Amwins: Capacity scandals have highlighted the importance of counterparty security
The James Allen affair and Vesttoo fraudulent letter of credit scandal have highlighted the importance of counterparty security for capacity used by MGAs, with AM Best’s recently launched performance assessment framework one way a company can demonstrate the controls it has in place.
These were the views of Amwins senior management talking to Program Manager at last month’s WSIA Annual Marketplace in San Diego.
Speaking to this publication, Amwins CEO Scott Purviance and president James Drinkwater emphasized that the wholesale broking and underwriting platform had only limited exposure to Vesttoo – with that capacity now replaced – and no exposure to James Allen.
“James Allen was a start, and I think Vesttoo now has brought it to light that security matters. Ratings matter, and what you’re buying – certainly the industry has been re-awakened to this,” Purviance said.
“It’s not now as though if a wholesaler gives [a client] a policy and it’s the cheapest, that you’re going to sell it. I think security is going to matter more. Is it ultimately going to matter to a buyer to pay 20-25 percent more? Probably not,” he suggested.

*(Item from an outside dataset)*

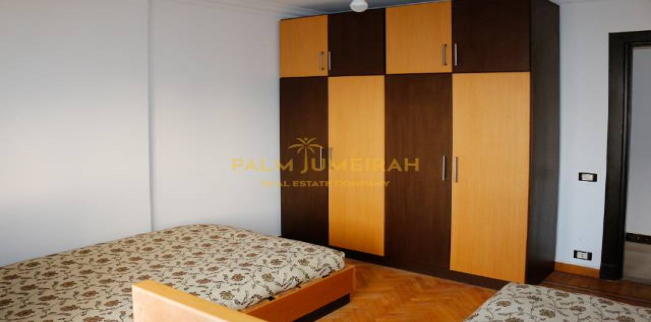 Apartment For Sale In Sporting - Qism Sidi Gabir - Alexandria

Purviance said wholesalers will still present clients with options, but that his firm wouldn’t “go down a rabbit hole” to do business with trading partners the firm can’t get comfortable with.
“We try and always apply a rigorous approval process for any new capacity and MGA,” he added.
“I think you will see more focus around the reinsurance supporting fronted programs. I know we are certainly taking a different approach than in the past,” said the Amwins CEO.
AM Best PA-1 rating
The Amwins executives said the Vesttoo controversy specifically hadn’t been much of a talking point at the WSIA Annual Marketplace. But Drinkwater touted the lessons his firm had learned more broadly after it secured the inaugural PA-1 top performance assessment from rating agency AM Best for its delegated authority unit.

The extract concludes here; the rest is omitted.